Der Staatssekretär für Energie im Bundesministerium für Wirtschaft und Energie, Andreas Feicht, nimmt heute an der informellen Videokonferenz der EU-Energieministerinnen und Energieminister unter portugiesischer EU-Ratspräsidentschaft teil. Das ursprünglich in Portugal vorgesehene Treffen findet aufgrund der Corona-Pandemie im virtuellen Format statt.

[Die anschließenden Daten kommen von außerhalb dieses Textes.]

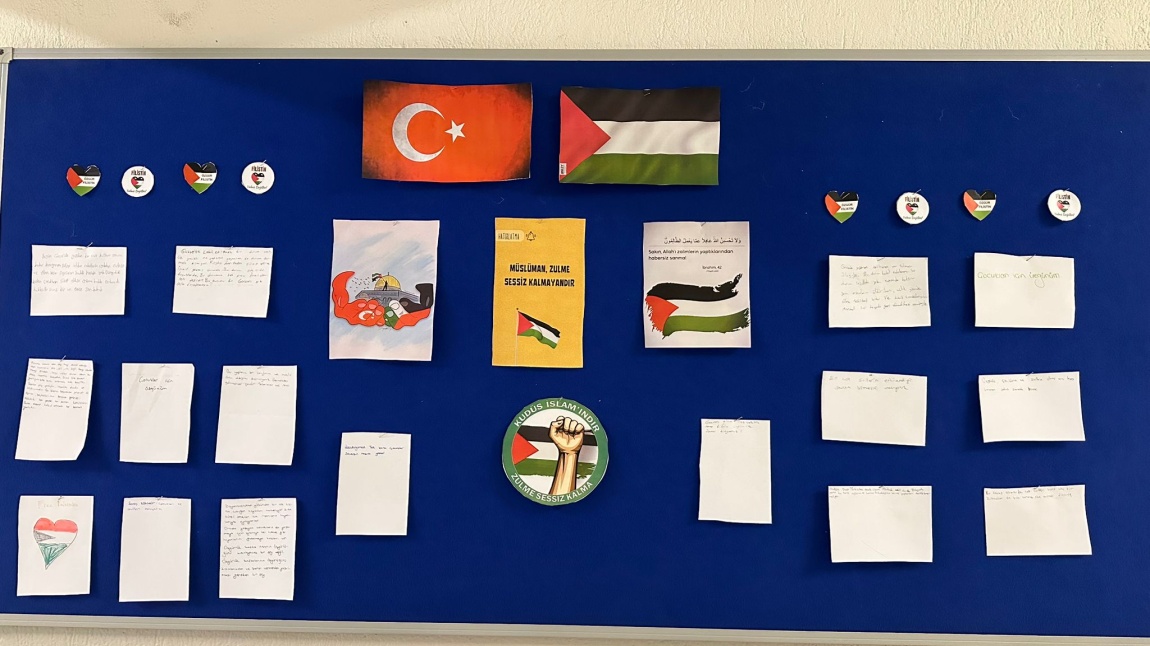 Durmuş Ali Çoban Anadolu Lisesi'nden Filistin'e Ses: Duygular Panoya Taşındı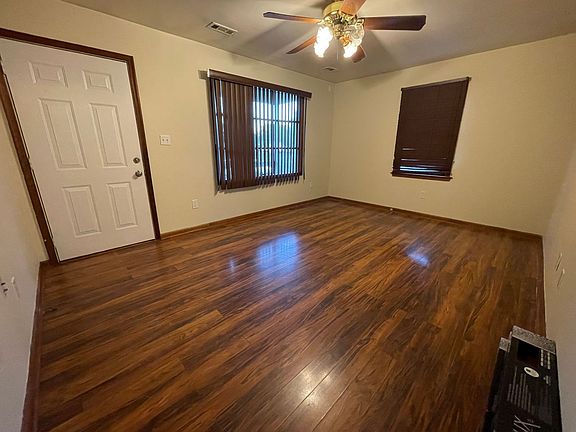 3rd image of 24113 Bancroft Dr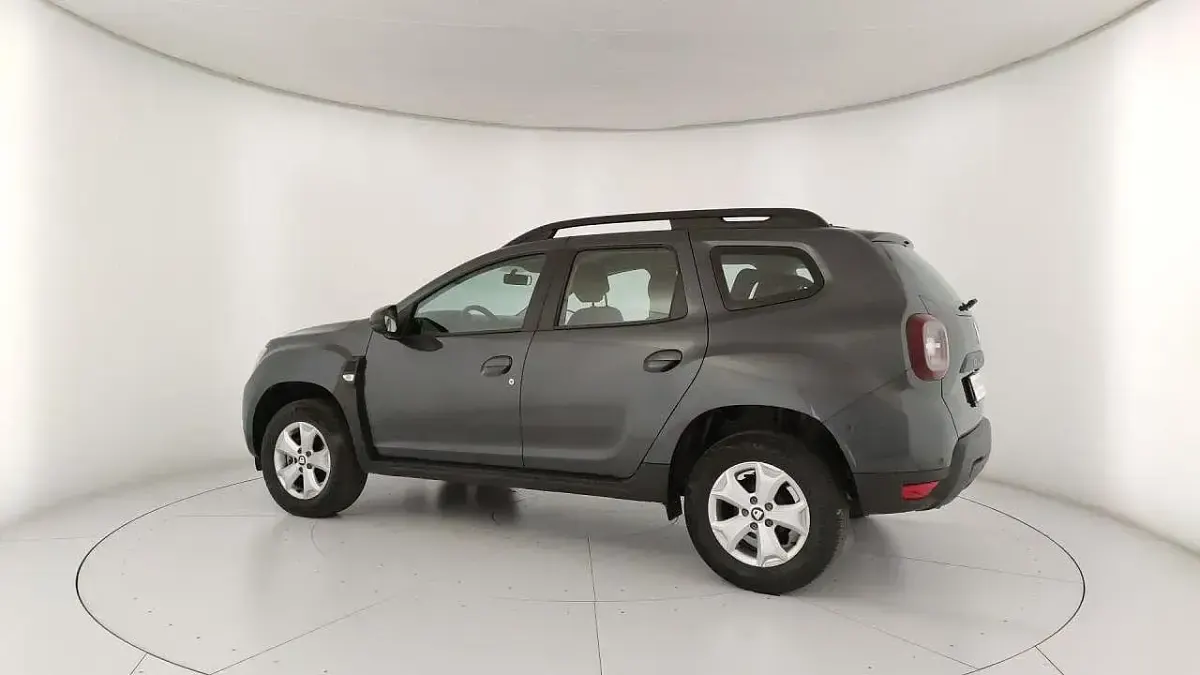 Usata Dacia Duster Comfort 116 CV (85 kW) 2021 Grigio SUV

Im Juni wird das sogenannte "Fit-for-55"-EU-Legislativpaket veröffentlicht. Es soll den EU-Klima- und Energierahmen an die Zielsetzungen des Green Deal ausrichten. Im Vorfeld dessen werden sich die Energieministerinnen und Energieminister zu zwei relevanten Teilaspekten des Pakets austauschen.

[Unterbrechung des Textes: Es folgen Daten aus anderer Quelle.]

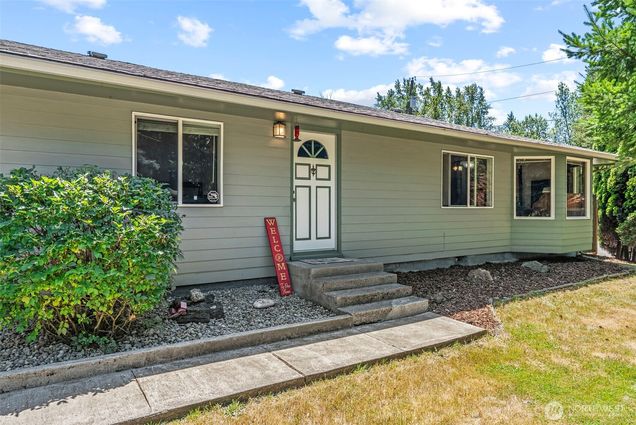 104 Lowrane Drive Kelso, WA House Active - Photo 1 of 15. Opens carousel modal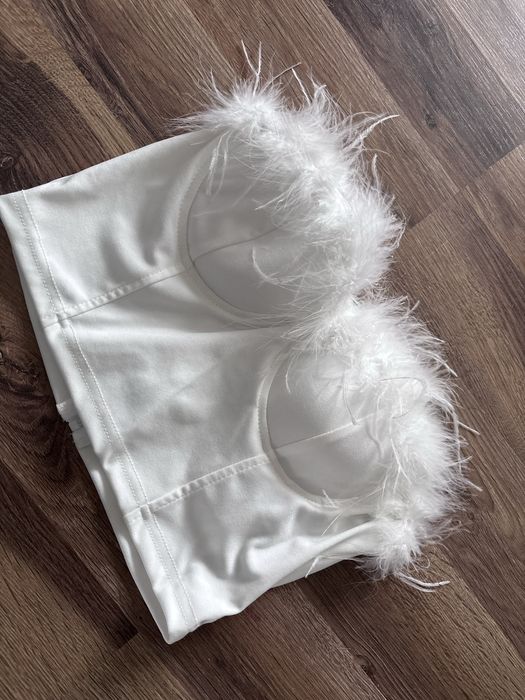 Biały krótki top z piórami S 36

Im Mittelpunkt des Austausches steht die sog. „Renovierungswelle“, eine EU-Initiative zur Steigerung der Sanierungsquote der Gebäude in den EU-Mitgliedstaaten. Ein weiterer Aspekt ist die Energiesystemintegration. Ganz konkret geht es darum, welche Rolle dezentrale Energieproduktion und Eigenversorgung, wie zum Beispiel bei der Stromerzeugung durch PV-Dachanlagen, bei der Energiesystemintegration in der EU einnimmt.

Staatssekretär Feicht betonte im Vorfeld des Treffens: „Am heutigen Earth Day, an dem auch die Staats- und Regierungschefs der großen Industrienationen zusammenkommen, um über den Stand der globalen Klimapolitik zu sprechen, müssen wir ein starkes Signal der Entschlossenheit senden:

Wir leisten unseren Beitrag im Energiebereich und nehmen die Menschen auf diesem Weg mit. Der Schlüssel zu einer erfolgreichen Energiewende - in Deutschland wie in der EU - sind die Verbraucherinnen und Verbraucher. Deswegen ist es wichtig, Maßnahmen voranzubringen, die kluge Anreize setzen und den Verbraucher sozialverträglich zu klimaschonendem Handeln befähigen. Ein Beispiel dafür ist der Brennstoffemissionshandel, welcher Einsparung von emissionsintensiver Energie belohnt und dessen Einnahmen gleichzeitig zur Senkung der Strompreise für alle verwendet werden.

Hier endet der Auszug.